● REQUIRED ACTION: Look through the records below for the line holding "Tasse à expresso/café". Write it out exactly, with each following line through the line holding "Pulseira de Prata com Contas".

● MATERIAL PROVIDED:
==============================
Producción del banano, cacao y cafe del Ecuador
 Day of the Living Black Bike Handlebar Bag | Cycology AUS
==============================
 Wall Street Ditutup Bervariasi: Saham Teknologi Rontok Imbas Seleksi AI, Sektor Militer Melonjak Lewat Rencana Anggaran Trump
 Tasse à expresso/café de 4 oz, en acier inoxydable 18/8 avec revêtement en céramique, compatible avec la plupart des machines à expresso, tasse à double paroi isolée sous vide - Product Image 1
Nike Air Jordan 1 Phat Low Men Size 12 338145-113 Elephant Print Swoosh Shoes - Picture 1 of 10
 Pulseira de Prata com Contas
==============================
● ANSWER TO THE EXERCISE:
 Tasse à expresso/café de 4 oz, en acier inoxydable 18/8 avec revêtement en céramique, compatible avec la plupart des machines à expresso, tasse à double paroi isolée sous vide - Product Image 1
Nike Air Jordan 1 Phat Low Men Size 12 338145-113 Elephant Print Swoosh Shoes - Picture 1 of 10
 Pulseira de Prata com Contas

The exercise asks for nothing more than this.